Republicans in Connecticut have been buoyed by the better-than-expected performance of former wrestling executive Linda McMahon in her contest with Rep. Chris Murphy to replace retiring Sen. Joe Lieberman. The candidates have criticized each other in starkly personal terms.
In a recent ad, McMahon—countering a Murphy attack accusing her of wanting to make changes to Social Security and Medicare—suggested he is a liar.
"Murphy didn't tell us the truth about when he was sued in court for not paying his rent, sued for not paying his mortgage, or missing 80 percent of his committee hearings," says a narrator in the ad. "So do you think Murphy is telling the truth now?"
In House contests, some of the harshest ads are being cooked up by the parties' campaign arms.
The House Democrats' campaign committee has run an ad against Rep. Bobby Schilling, R-Ill., featuring voters pointedly asking "Bobby" why he abandoned them. Another of the Democratic committee's ads features a nurse in hospital scrubs talking to the camera about Nevada GOP Rep. Joe Heck's opposition to the HPV vaccination, which aims to stop the cancer-causing virus. She accuses Heck of being "against saving lives."
The Republicans' House campaign committee, in an Internet ad and mailings, links the Democratic challenger in a Pennsylvania race, Kathy Boockvar, with a man convicted of killing a police officer in 1981. Boockvar is challenging Rep. Mike Fitzpatrick, R-Pa. Her husband, a lawyer, represented a witness in the case who later recanted her testimony.

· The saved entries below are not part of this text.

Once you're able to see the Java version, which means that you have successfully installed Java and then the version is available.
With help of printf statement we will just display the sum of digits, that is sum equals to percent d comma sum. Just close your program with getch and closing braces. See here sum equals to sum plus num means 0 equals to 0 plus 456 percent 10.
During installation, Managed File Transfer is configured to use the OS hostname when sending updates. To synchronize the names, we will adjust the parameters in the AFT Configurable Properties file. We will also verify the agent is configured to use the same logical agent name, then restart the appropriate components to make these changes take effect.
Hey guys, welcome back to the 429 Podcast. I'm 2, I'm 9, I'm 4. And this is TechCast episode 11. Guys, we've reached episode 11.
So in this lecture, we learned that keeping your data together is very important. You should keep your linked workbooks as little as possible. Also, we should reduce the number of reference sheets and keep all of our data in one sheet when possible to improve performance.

Another GOP committee spot, more playful but still personal, slams Rep. Dave Loebsack, D-Iowa, for dozing off at a meeting on Obama's health care overhaul.
Perhaps the most persistently testy down-ballot contest in the country has been in Massachusetts, where Brown and Warren have shown a clear disdain for each other in two televised debates and a slew of ads.

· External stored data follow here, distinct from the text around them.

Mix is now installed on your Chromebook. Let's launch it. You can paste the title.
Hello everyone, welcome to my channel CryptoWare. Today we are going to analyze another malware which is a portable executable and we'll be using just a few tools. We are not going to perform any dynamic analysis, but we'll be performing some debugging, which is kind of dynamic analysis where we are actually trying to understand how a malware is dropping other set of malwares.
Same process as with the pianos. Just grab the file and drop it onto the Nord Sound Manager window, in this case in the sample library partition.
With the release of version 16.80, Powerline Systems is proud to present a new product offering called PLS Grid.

Brown set the tone early: Near the outset of the candidates' first debate, he criticized Warren for claiming Native American heritage. His opponent "checked the box claiming she is Native American, and clearly she is not," he said. Warren, seeming slightly galled, said her parents told her growing up that her mother was of Native American heritage.
Brown seemed to acknowledge the attack had gotten out of hand when he released a statement condemning staffers who were caught on video doing a "tomahawk chop" and shouting war whoops designed to mock Warren as Brown spoke at a campaign rally.
Warren has mocked Brown for posing nude in Cosmopolitan magazine to pay for law school. More recently, she accused Brown—a married father of two daughters—of being insufficiently committed to women's issues.
"Women need someone they can depend on, not some of the time, but all of the time," she said in one debate.
Brown snapped back, "You should stop scaring women."